According to my interpretation, Adorno says that the idea of free time is just but another way of exhortation where people take their so-called “free time” to spend what they have produced in another area of capitalism, an idea that is designed for profit again.
Popular music
In the essay, “On Jazz”, he says that the essence of popular music has been transformed in a manner that it is being standardized to suit other people’s demands. This idea is also repeated in the “On Popular Music”, 1941, where he and George Simpson reiterate that “The whole structure of popular music is standardized, even where the attempt is made to circumvent standardization” (Adorno, 1941).
Critics may reason out that in late capitalism, cultural product standardization is a result of technology. Adorno however argues that Technology is advanced by the power of “monopolies and great corporations, which bid production industries, and banks control the monopoly culture, which he says, are weak and dependent in comparison” (Horkheimer & Adorno, 1972), and this is the source of mass culture marketing, a sign of “distraction” that is related to capitalism- that has its main goal; to maximize profit. He emphasizes the impact of distraction when he says, “the tunes lull the listener to inattention” (Adorno, 1941).
Conclusion
In general, Adorno relates the natural theory of the cultural products and how it is evaluated.

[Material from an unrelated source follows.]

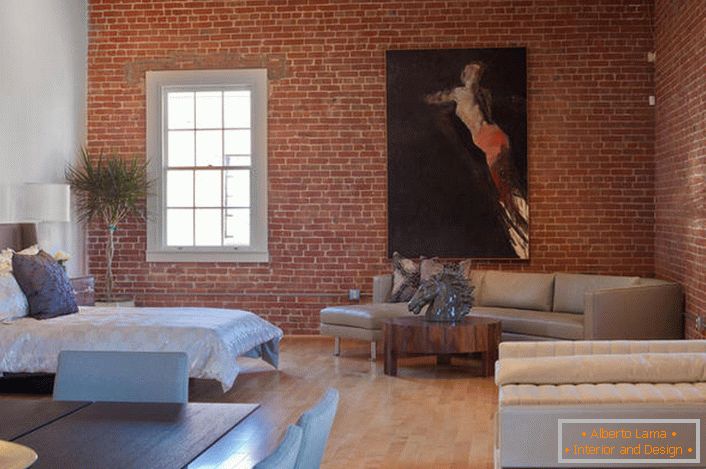 Les murs sont en briques, les lignes géométriques strictes des meubles, l’échelle de couleur calme indiquent la présence du style loft.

How culture products are interchanged and standardized in the late capitalism and that this is meant to interchange the consumers, a concept that perpetuates through the use of art and creative approach to mass culture ideas, hence making the culture industry unreal because of its duplication to suit profit motives without gastro. He, therefore, advises modern consumers to learn to think critically and work on modern art and be unique in their production. Dedication in an artist will create special uniqueness hence leads to personal permanent growth and success.
Reference
Horkheimer, M. &Adorno,T. 1972. Dialectic of Enlightenment, New York: Herder & Herder.
Adorno, T. 1941. On Popular Music- Studies in Philosophy and Social Sciences Vol. IX, No. 1, pp. 17-18.
Adorno, T. 2001. The Culture Industry (Ed), New York, Routledge.